Secondo John Campbell, uno di leader del Bloco de Esquerda e consigliere comunale ad Amadora, la centrale Almaz-Trillo è una bomba atomica a tempo, che ha subito centinaia di incidenti ed ha già superato di 6 ani il periodo in cui era stata prevista la sua chiusura. Ora la Spagna vorrebbe farla funzionare per almeno altri 10 anni. «La costruzione di una discarica nucleare nel centro, fatta a dispetto della legge e che rappresenta il disprezzo con il quale il governo spagnolo ha trattato il governo portoghese – dice Campbell –  è la materializzazione della continuità operativa della centrale nucleare.  Il governo portoghese ha tentato di rispondere, ma gli è stato detto: o mangi la minestra o salti dalla finestra.  Ma non possiamo accettarlo».

Tutti i partiti portoghesi, anche quelli di centro-destra, chiedono la chiusura della centrale nucleare di Almaraz, che utilizza le acque del Tago per il suo raffreddamento e che, secondo gli ambientalisti e il governo di sinistra di Lisbona, le contamina. «Se ci fosse un grave incidente ad Almaraz – sottolinea Campbell – il Paese verrebbe diviso a metà: milioni di persone che vivono sulle rive del Tago saranno esposte a fallout radioattivo, secondo i venti dominanti che soffiano principalmente in direzione del Portogallo».

Subito Matos Fernandes non sembrava molto convinto di aprire un contenzioso nucleare con la Spagna, ma i movimenti sociali e ambientalisti hanno pressato per mesi il governo di Lisbona su quel che stava succedendo ad Almaraz, documentando che la discarica nucleare era  già in fase di realizzazione, anche prima della polemica sulla mancanza della valutazione di impatto ambientale e senza nemmeno che il governo conservatore so spagnolo (con l’appoggio esterno del Partito socialista) si fosse degnato di avvertire il primo ministro socialista portoghese che da mesi chiedeva che venisse chiusa la centrale nucleare.

Ambientalisti e sinistra radicale temono che ala fine la valutazione di impatto ambientale darà comunque il via libera alla costruzione del deposito provvisorio delle scorie nucleari, mettendo ancora più a rischio il Tago.

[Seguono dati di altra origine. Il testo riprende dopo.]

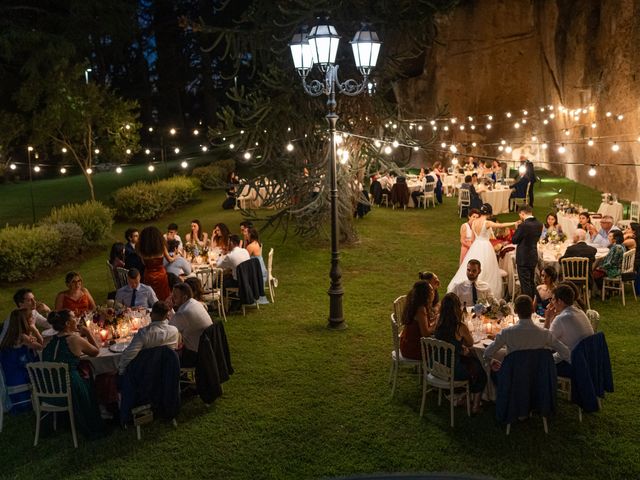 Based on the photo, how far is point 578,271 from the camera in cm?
Answer: 1047

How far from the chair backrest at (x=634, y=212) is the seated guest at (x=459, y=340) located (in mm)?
9717

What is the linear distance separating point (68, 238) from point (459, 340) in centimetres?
1170

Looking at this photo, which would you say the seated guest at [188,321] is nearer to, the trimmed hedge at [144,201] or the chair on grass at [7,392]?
the chair on grass at [7,392]

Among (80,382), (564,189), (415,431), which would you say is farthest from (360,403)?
(564,189)

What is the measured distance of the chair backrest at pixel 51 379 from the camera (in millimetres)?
6590

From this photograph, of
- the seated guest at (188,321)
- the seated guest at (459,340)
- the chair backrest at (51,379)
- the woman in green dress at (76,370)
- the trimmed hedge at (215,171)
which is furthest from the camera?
the trimmed hedge at (215,171)

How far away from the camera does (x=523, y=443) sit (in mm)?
6371

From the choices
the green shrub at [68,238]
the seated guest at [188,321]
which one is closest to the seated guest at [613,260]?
the seated guest at [188,321]

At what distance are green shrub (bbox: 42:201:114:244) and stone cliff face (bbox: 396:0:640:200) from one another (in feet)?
37.6

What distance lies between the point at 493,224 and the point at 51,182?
1145 inches

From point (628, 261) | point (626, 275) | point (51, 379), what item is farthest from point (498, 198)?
point (51, 379)

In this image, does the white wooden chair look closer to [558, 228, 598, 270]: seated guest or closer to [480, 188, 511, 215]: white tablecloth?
[480, 188, 511, 215]: white tablecloth

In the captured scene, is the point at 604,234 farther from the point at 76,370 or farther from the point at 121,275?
the point at 76,370

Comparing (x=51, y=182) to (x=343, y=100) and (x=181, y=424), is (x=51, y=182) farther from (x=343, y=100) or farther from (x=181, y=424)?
(x=181, y=424)
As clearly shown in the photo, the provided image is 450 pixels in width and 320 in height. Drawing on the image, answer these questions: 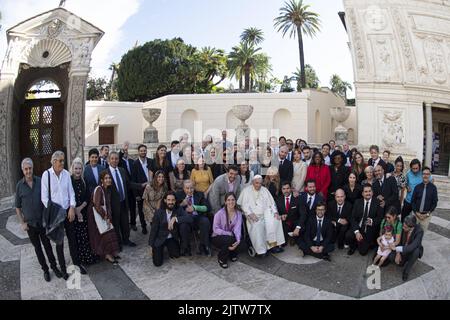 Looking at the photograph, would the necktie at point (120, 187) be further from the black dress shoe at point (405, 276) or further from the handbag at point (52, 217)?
the black dress shoe at point (405, 276)

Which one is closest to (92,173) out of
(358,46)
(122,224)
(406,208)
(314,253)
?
(122,224)

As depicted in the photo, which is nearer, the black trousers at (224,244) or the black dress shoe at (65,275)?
the black dress shoe at (65,275)

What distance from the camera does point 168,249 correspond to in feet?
15.3

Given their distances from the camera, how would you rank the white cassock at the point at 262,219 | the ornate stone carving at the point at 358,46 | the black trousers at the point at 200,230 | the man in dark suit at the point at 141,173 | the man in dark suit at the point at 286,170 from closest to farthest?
the black trousers at the point at 200,230 → the white cassock at the point at 262,219 → the man in dark suit at the point at 141,173 → the man in dark suit at the point at 286,170 → the ornate stone carving at the point at 358,46

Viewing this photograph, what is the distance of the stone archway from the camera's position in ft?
24.1

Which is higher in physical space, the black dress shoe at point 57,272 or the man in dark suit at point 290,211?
the man in dark suit at point 290,211

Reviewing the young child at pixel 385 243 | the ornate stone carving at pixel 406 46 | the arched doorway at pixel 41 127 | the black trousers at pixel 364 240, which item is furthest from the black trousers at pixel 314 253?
the ornate stone carving at pixel 406 46

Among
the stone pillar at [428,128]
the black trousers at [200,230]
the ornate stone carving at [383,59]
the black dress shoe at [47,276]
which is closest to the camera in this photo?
the black dress shoe at [47,276]

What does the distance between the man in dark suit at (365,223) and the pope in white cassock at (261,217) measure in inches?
38.6

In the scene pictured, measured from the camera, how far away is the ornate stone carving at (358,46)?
44.9ft

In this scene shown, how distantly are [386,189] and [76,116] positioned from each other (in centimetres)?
643

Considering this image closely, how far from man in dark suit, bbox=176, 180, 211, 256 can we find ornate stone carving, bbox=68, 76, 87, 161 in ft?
12.8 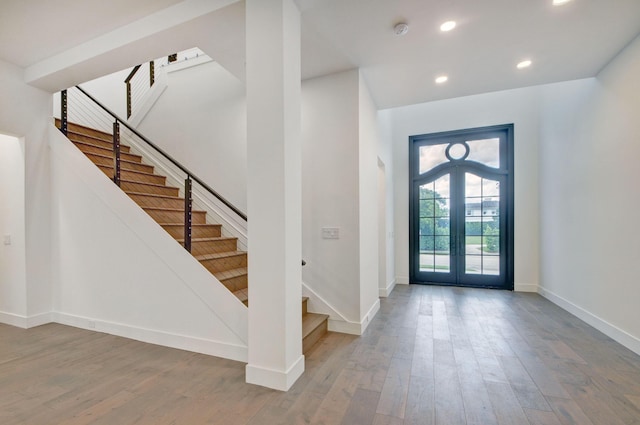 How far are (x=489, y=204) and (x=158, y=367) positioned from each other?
5912mm

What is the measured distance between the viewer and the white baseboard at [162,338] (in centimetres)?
277

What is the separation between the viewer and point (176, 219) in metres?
3.81

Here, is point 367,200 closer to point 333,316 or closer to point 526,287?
point 333,316

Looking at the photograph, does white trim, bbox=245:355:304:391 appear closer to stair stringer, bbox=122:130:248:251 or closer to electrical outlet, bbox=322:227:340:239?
electrical outlet, bbox=322:227:340:239

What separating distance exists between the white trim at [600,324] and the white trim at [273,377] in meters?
3.40

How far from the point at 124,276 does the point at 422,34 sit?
414cm

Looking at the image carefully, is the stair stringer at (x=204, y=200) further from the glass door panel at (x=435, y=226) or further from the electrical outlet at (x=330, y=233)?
the glass door panel at (x=435, y=226)

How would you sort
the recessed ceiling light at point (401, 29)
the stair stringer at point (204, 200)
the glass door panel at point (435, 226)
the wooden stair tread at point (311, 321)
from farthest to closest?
the glass door panel at point (435, 226) < the stair stringer at point (204, 200) < the wooden stair tread at point (311, 321) < the recessed ceiling light at point (401, 29)

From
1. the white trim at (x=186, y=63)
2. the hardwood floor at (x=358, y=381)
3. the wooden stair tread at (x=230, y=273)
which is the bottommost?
the hardwood floor at (x=358, y=381)

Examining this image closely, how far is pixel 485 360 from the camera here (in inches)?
107

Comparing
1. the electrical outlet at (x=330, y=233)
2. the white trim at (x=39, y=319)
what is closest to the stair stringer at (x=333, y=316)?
the electrical outlet at (x=330, y=233)

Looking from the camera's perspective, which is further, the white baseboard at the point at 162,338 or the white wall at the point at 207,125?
the white wall at the point at 207,125

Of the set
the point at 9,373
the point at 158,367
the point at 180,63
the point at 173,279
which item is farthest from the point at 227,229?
the point at 180,63

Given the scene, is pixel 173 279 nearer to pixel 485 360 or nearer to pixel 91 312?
pixel 91 312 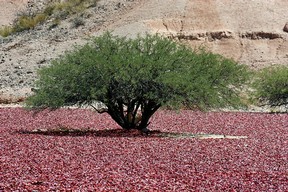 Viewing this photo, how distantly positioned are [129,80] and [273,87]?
16.8m

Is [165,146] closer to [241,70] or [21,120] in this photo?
[241,70]

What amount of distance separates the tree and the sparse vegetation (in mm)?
37404

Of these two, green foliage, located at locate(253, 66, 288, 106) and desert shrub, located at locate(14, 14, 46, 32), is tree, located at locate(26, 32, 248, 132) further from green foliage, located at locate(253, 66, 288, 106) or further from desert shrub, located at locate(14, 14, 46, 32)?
desert shrub, located at locate(14, 14, 46, 32)

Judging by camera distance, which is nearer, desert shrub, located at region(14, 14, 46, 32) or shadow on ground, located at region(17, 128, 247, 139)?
shadow on ground, located at region(17, 128, 247, 139)

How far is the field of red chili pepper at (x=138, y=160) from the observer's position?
15227 millimetres

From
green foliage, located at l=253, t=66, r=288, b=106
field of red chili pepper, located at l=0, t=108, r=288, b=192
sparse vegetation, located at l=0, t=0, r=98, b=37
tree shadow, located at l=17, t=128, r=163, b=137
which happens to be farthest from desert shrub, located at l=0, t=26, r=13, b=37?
tree shadow, located at l=17, t=128, r=163, b=137

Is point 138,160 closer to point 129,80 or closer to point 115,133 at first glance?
point 129,80

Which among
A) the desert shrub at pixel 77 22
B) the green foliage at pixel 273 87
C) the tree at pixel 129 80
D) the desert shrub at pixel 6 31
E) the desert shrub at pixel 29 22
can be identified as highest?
the tree at pixel 129 80

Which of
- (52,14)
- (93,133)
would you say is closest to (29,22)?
(52,14)

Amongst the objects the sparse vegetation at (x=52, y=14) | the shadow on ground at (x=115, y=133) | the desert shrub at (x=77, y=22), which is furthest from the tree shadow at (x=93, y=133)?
the sparse vegetation at (x=52, y=14)

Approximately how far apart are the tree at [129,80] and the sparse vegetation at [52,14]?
123ft

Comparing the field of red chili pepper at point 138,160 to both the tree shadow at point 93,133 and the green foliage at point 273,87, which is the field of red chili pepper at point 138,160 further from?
the green foliage at point 273,87

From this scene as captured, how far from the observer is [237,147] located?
22.2 meters

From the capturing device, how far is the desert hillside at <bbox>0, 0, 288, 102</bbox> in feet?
179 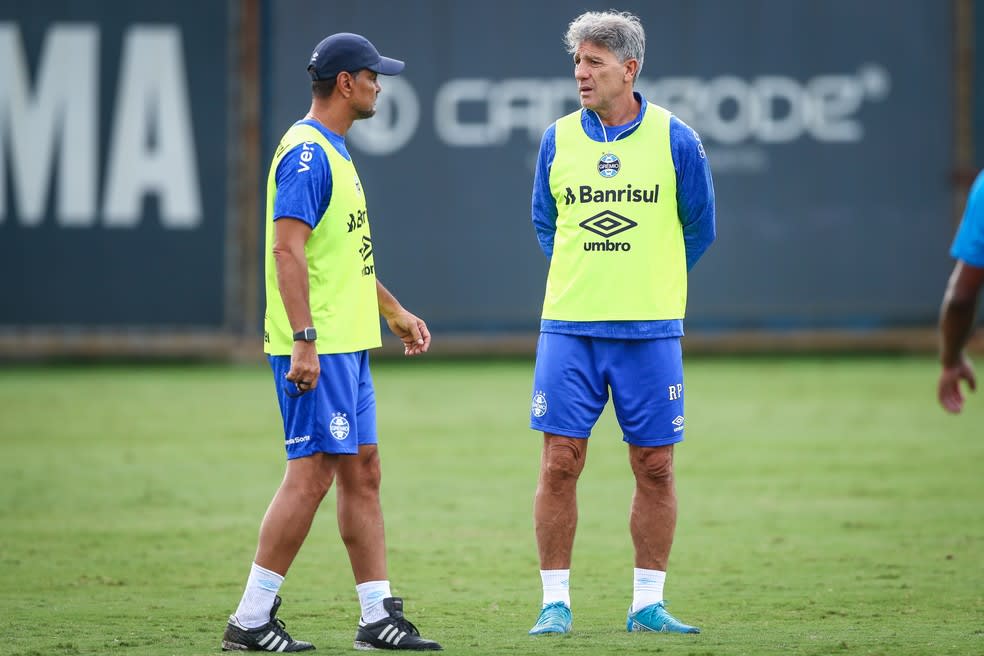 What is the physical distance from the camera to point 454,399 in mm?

La gente non vuole solo che venga bocciata la discarica, vuole che venga chiusa la centrale nucleare ed è arrabbiata con il ministro degli interni portoghese, Jorge Gomes, che ha detto che la popolazione e movimenti anti-nucleari stanno esagerando e che non c’era alcun problema con Almaraz, perché in caso di incidente, il raggio di evacuazione sarà di 30 km. Qualcuno gli ha fatto notare che incidenti nucleari come quelli di Chernobyl e Fukushima erano  considerate centrale “sicure” prima di esplodere e rendere inabitabili intere regioni Un qualsiasi incidente grave nella vecchia centrale di Almaraz contaminerebbe tutto il Tago dal confine con la Spagna fino a Lisbona.